遠い太鼓

早起きをして新宿へ向かいます。両替1ユーロ140円、ヒ〜!私も1万円をおこづかいとして両替しようとしたところ、財布にお金がありません。わ、家に忘れて来た!取りに戻ろうかと左腕をめくると腕時計がありません。わ、忘れて来た!ピアスもネックレスも腕輪も何も身につけていない、あたし。昨日の夜、明け方の3時まで準備していたのに何をやってたんだろう。落ち込んだ顔をしてTPにお金を借りて、普段時計を持っていないTPに腕時計を買わせていざ成田へ。チェックインのカウンターで係の人が「お荷物おあずかり…」と私たちの背中のリュックを見て、お荷物はそれだけ、ですか?…すでにお預けになったとかではなく?国内便の乗り継ぎとかでもなく?本当にそれだけですか、と何度も尋ねられたので吹き出して笑います。貧乏旅行なのでスーツケースは持っていないだけのこと、そこまで驚いてもらえるともう元を取ったように元氣が出ます。


遠い太鼓 (講談社文庫)

遠い太鼓 (講談社文庫)

遠い太鼓。ギリシャとイタリアの滞在記と知って近々読みたいと思っていた文庫が、空港の本屋にありました。喜んで買います。
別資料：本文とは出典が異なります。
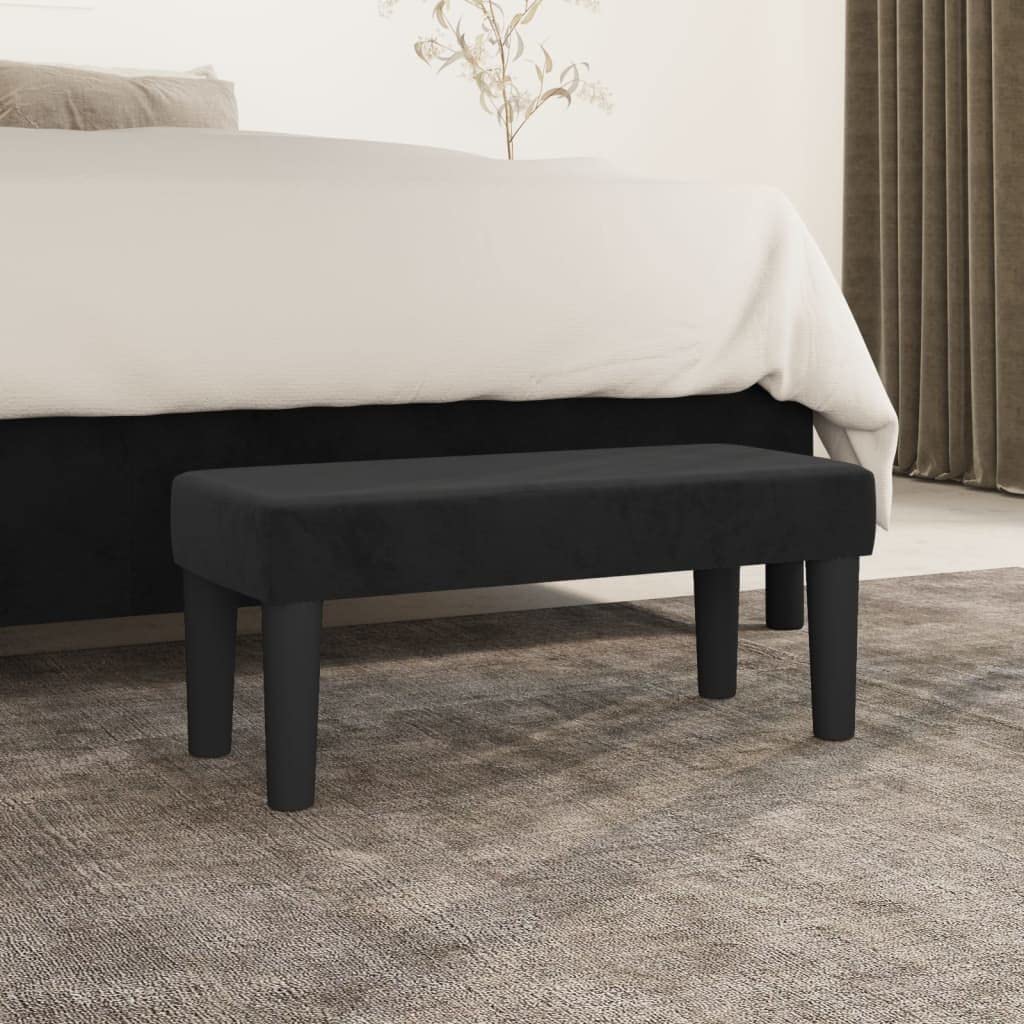 Banc Noir 70x30x30 cm Velours, Banquette à Chaussures pour Entrée, Chambre, Salon, Salle de Bain, Cuisine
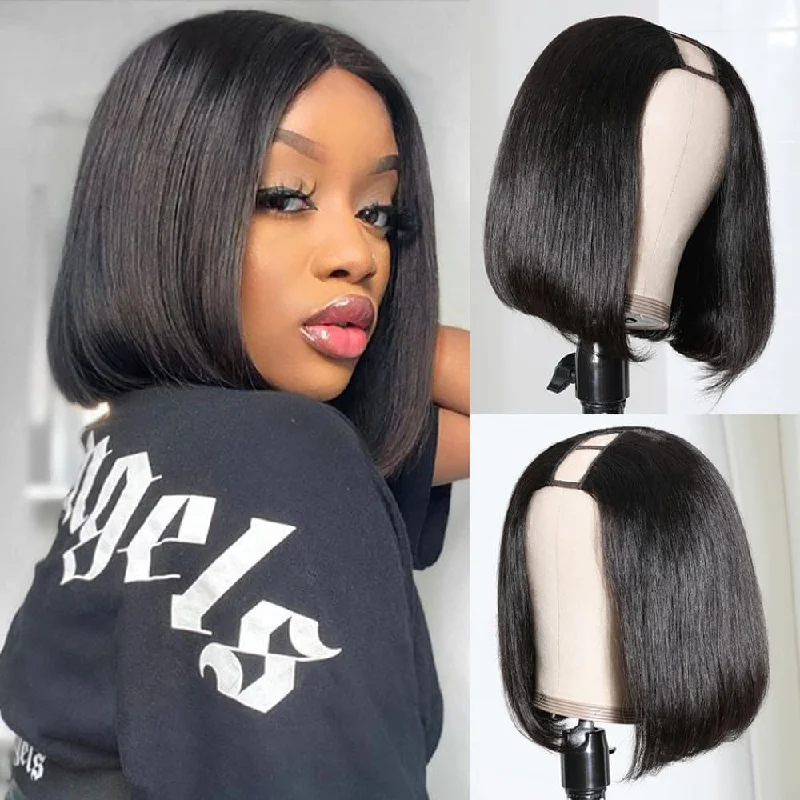 Bob Wigs for Social Media - Worthy Outfits U Part Bob Wig Affordable Glueless Human Hair Wig Bob Wigs for Social Media - Worthy Outfits U Part Bob Wig Affordable Glueless Human Hair Wig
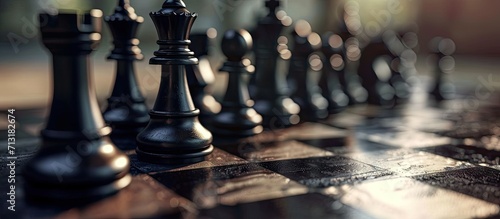 Print op canvas Chess photographed on a chessboard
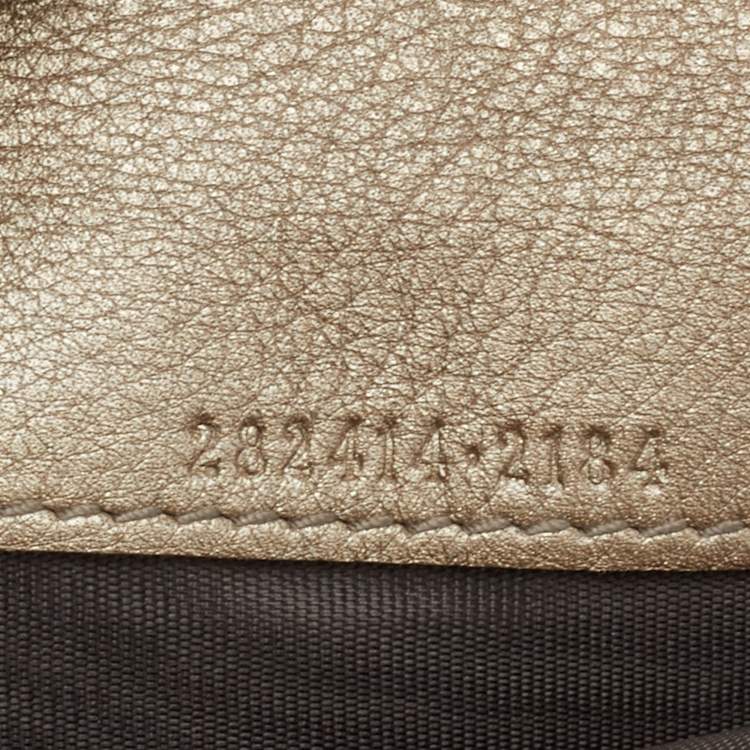 Pre Owned Gucci Metallic Beige Leather Soho Flap Continental Wallet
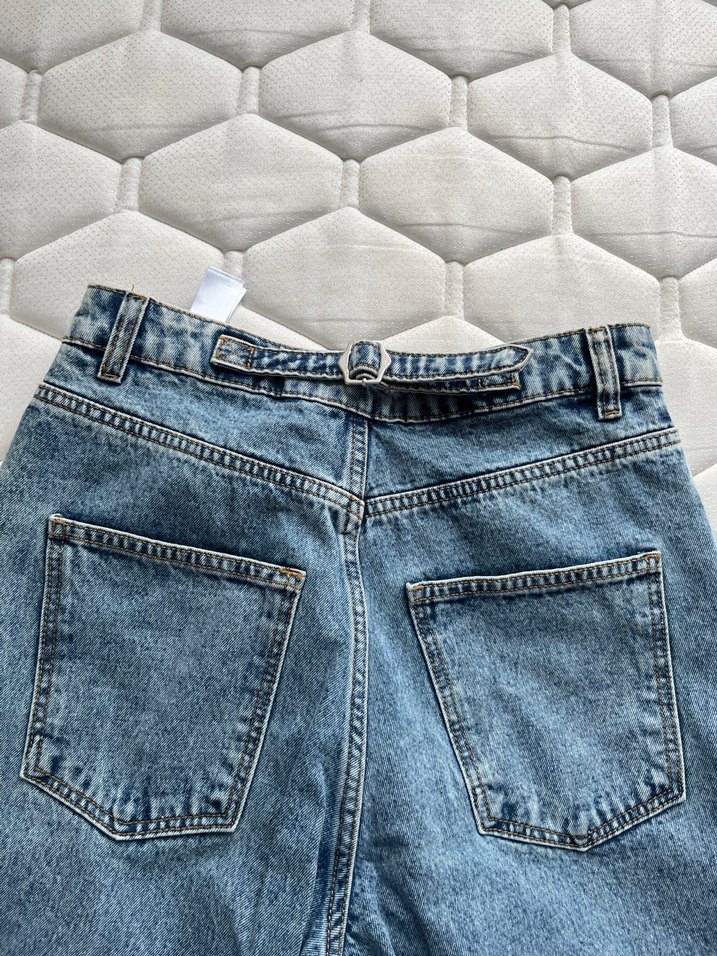 Gri Midi Boy Bol Kesim Kadın Kot Pantolon - Görsel 3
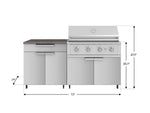 NewAge Outdoor Kitchens Stainless Steel 4-Piece Cabinet Set with Caster and Bar, Grill Cabinet, Platinum Grill, and Countertop-72284-Garage Giant 
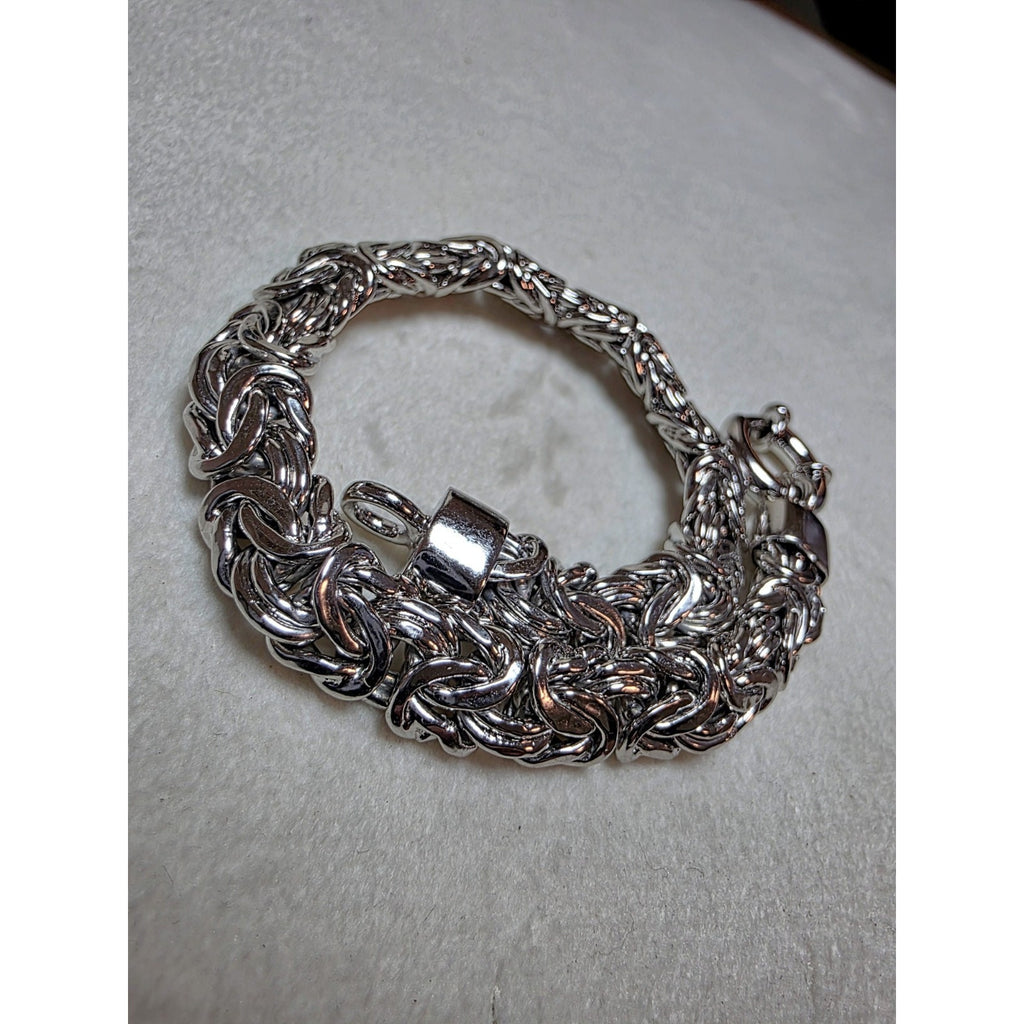 7" 8.4mm Flat Byzantine 15.49g Solid 925 Sterling Silver w/Rhodium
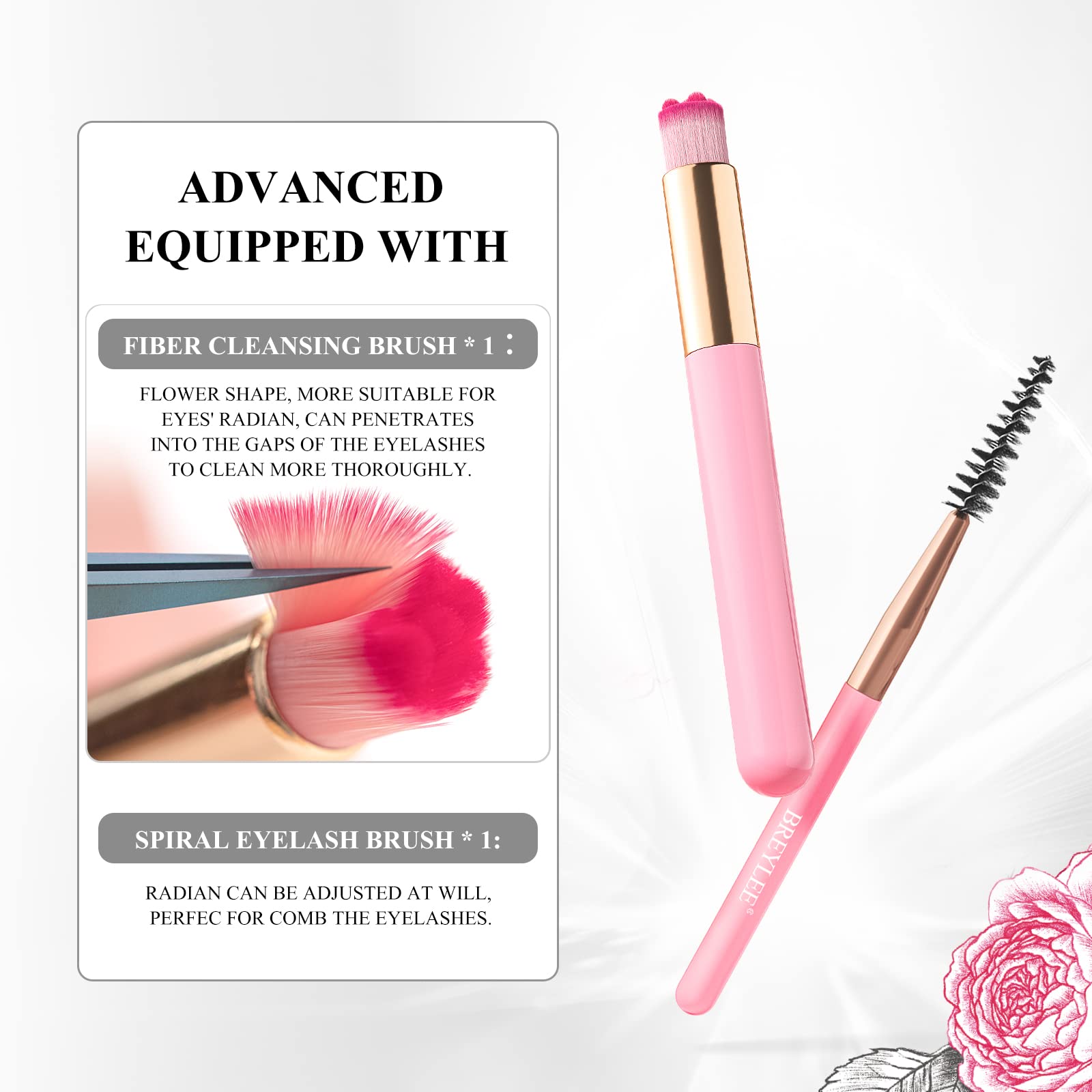 Breylee Shampoo For Lash Extensions, 60Ml+Rinse Bottle+Brushes, Eyelash Extension Cleanser, Lash Wash Bath, Lash Cleaner, Parabe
食べて寝てトイレ行って、寝て食べて寝てトイレ行って食べて寝る。もう永遠に地上へはたどり着かないかと思った頃ようやくイタリアの空港に到着しました。そこからシチリア行きの国内便はわずか1時間。夜中になっています。中心地までの空港バス6.1ユーロ。地元の人や出張の人たちが次々と降りて行きます。街灯が薄暗い街。通り道のヨット置き場では老若男女が何十人もたむろしています。ただ立ってお喋りしているだけ。小さな街をいくつか通って中央駅に着くと、一軒の店も空いておらず、タクシーが数台行き交っている、真っ暗闇から黒人の人が出て来てそのまま通り過ぎるだけ。地図を見て珍しくネット予約した宿のピンポンを押すと、ガチャッと門扉が解錠される音だけが響きます。古くて重たい木の扉を押すと、石畳が波打った広い中庭、何台も停まっている小さなイタリア車、その奥に舞踏会のようなしつらいの階段、たわんだ木を踏みしめてマリーアントワネットの氣分で上がります。入り口の重たいドアを開けると受付の女性はテレビを見ていました。ホテルオリエンターレ43ユーロ。100を出すと小銭はない?とのこと。両替したてでコインは持っていないと言うと、おつりは20セントがたくさん戻って来ました。このあたりで水か何か買えるところはないかと尋ねると、ないない、水ならナチュラルとミネラルどっちがいい?ナチュラルでいいよね?とのこと。ナチュラルでいいと答えると水道水をペットボトルに入れて冷やしたものをくれました。部屋は古いけれど清潔、共同のシャワーを浴びて窓の外を眺めます。今回の旅行を計画してくれたTPは、死んでるのかな?と思うような顔で倒れ込むように眠ってしまいました。店が一軒も空いていないから、歩く人は少ないしお酒も飲んでいない。ただ若者が行き交うだけ。長袖シャツでちょうど良い氣温、ヒンヤリと静かに、車の音だけが響いていました。ビールなしで眠るのは何年振りだろ?